See ss. 177 and 281.2 of the Criminal Code of Canada. Those sections
are drafted in a way that provides numerous defenses to the accused,
including, of course, truth.

>      Now, what of the person who has lived in a community for decades, never 
> bothered anyone, contributed to charity, went to church on Sunday, and 
> generally was a nice guy, but in reality, he's wanted for murder?  Is it then 
> defamation of character to expose the fact that he is a criminal?

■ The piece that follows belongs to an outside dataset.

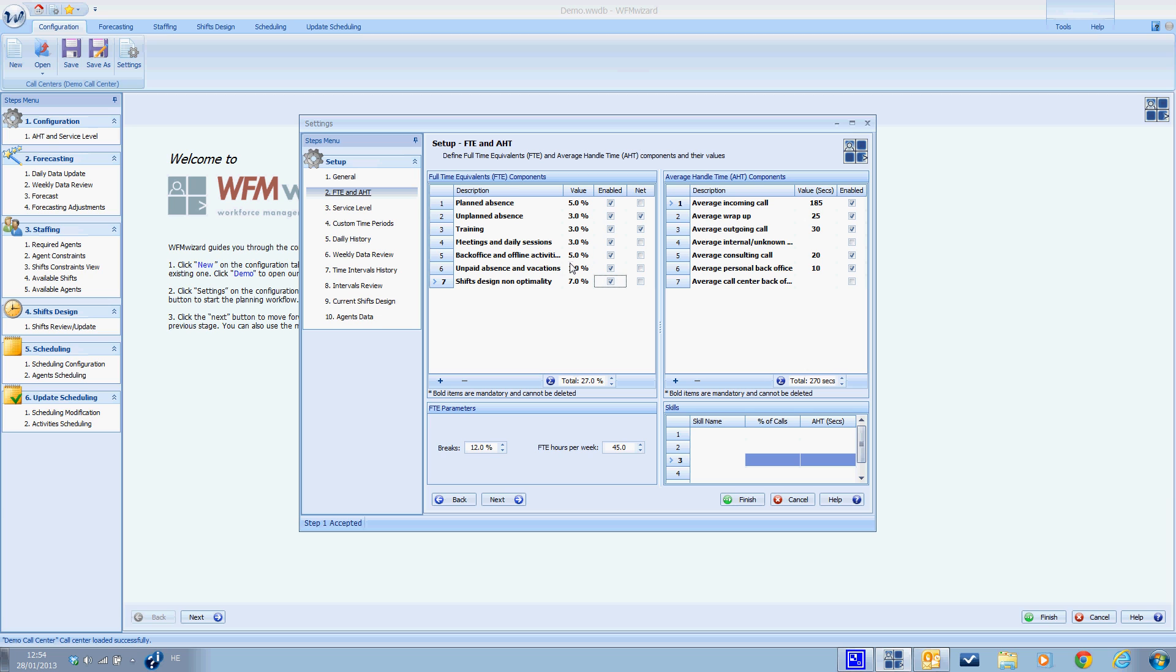We will start with the FTE components. Full time equivalent components are the additional time increments that are added on the net hours of agents that are required for answering incoming calls. WFM wizard adds this overhead to the net number of agents required when calculating the weekly staffing requirements. We can see the list of FTE components.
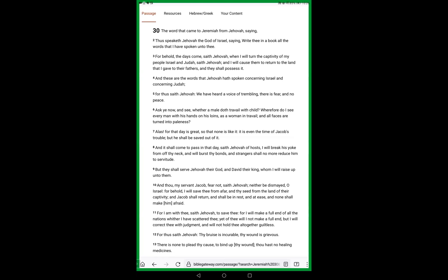Alas, for that day is great, so that none is like unto it. It is even the time of Jacob's trouble, but he shall be saved out of it.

Not at all. Don Black and I agree that truth is a complete defense
to any charge under the above sections of the Criminal Code. But
suggesting that truth was a relevant defense in the Zundel and Keegstra
cases is, obviously, a red herring.

>      Aaahhh, sooo....A DEFINITION!!!!   Here's the key...FALSE STATEMENTS
> constitute the defamation.  False statements, not those which are true.

Agreed.

>      The Wanted Murderer stands up and says "You're a liar!  I did nothing 
> wrong!  You're a Hate-monger."

If the WM can prove same, he can recover for defamation of character.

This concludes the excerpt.